# 1 Peter 3:19



## Herald (Jan 30, 2007)

[bible]1 Peter 3:19-20[/bible]

I would like to hear explanations as to the interpretation of this verse.

Thanks.


----------



## DTK (Jan 30, 2007)

BaptistInCrisis said:


> [bible]1 Peter 3:19-20[/bible]
> 
> I would like to hear explanations as to the interpretation of this verse.
> 
> Thanks.


As I recall, the standard Puritan hermeneutic, and which I regard as doctrinally sound, is that Christ preached to the spirits of these men through Noah and in Noah's day. The text does not indicate that the message received by them was "while" or "when" they were in prison, but simply underscores that these "spirits" so incarcerated at the present heard the message of Christ when they were alive in the days of Noah. Compare what Peter goes on to affirm in the next chapter, 1 Peter 4:6 _For this reason the gospel was preached also to those who are dead, that they might be judged according to men in the flesh, but live according to God in the spirit._ 1 Peter 3:20 speaks of them as "formerly disobedient," i.e. when they were alive they were disobedient to the message which was proclaimed to them.
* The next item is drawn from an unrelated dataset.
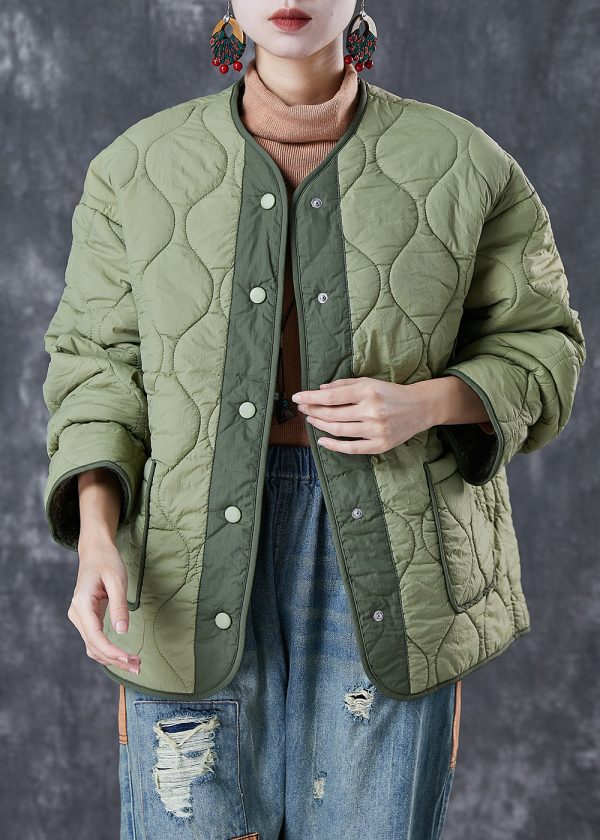 Chic Light Green Thick Patchwork Warm Fleece Jacket Winter Online now - Image 2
I stand to be corrected by the historical reformed hermeneutic if I've misrepresented it.

DTK


----------



## MW (Jan 30, 2007)

I would concur that is the standard Reformed understanding. Where does the translation derive "because" from? It seems to me to convey the idea that the preaching of verse 19 was due to the disobedience in verse 20.


----------



## DTK (Jan 30, 2007)

armourbearer said:


> Where does the translation derive "because" from? It seems to me to convey the idea that the preaching of verse 19 was due to the disobedience in verse 20.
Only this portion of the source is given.